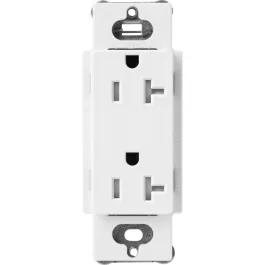 Lutron Claro 20A Tamper Resistant Receptacle - Snow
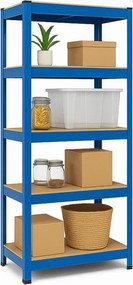 Regál 180x90x40 cm lakovaný 5-policový, nosnosť 875 kg - modrý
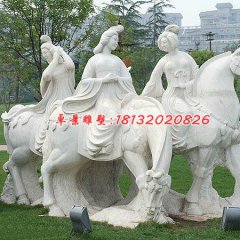 骑马女人石雕，公园景观石雕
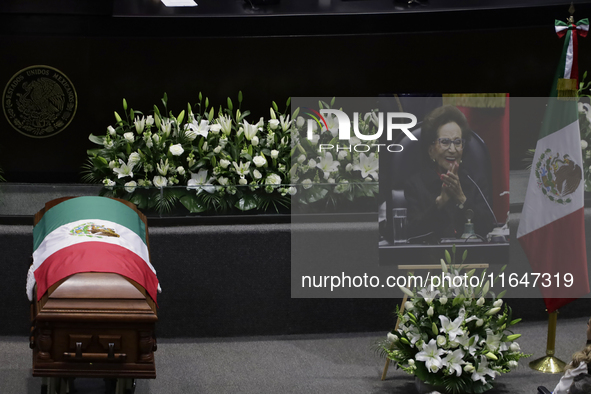 A memorial tribute to Ifigenia Martinez, President of the Chamber of Deputies, takes place in Mexico City, Mexico, on October 7, 2024. She p...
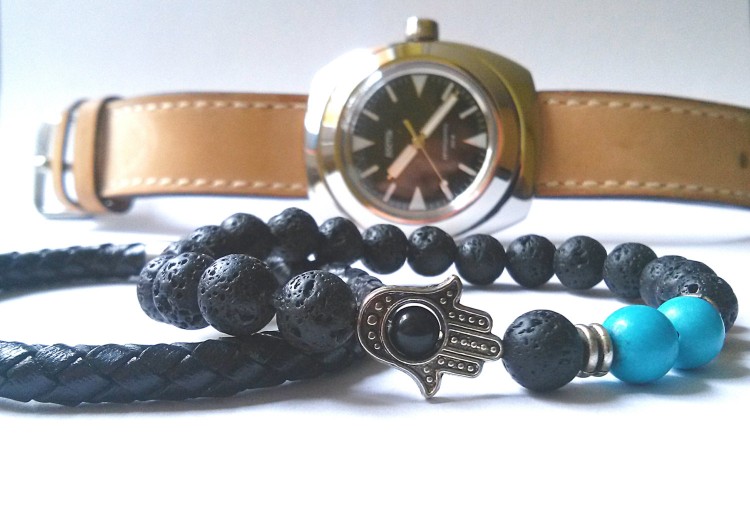 Dre - 8mm - Lava Stone and Turquoise Beaded Stretchy Bracelet with Silver Charms Hamsa Hand from STRAPSANDBRACELETS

------------------------------------

=== WHAT YOU SHOULD DO ===
Excluding any pictures, print exactly the lines of the listing above from the line with "Regál 180x90x40 cm" to the line with "A memorial tribute", both ends included.

=== WRITTEN SOLUTION ===
 Regál 180x90x40 cm lakovaný 5-policový, nosnosť 875 kg - modrý
 骑马女人石雕，公园景观石雕
 A memorial tribute to Ifigenia Martinez, President of the Chamber of Deputies, takes place in Mexico City, Mexico, on October 7, 2024. She p...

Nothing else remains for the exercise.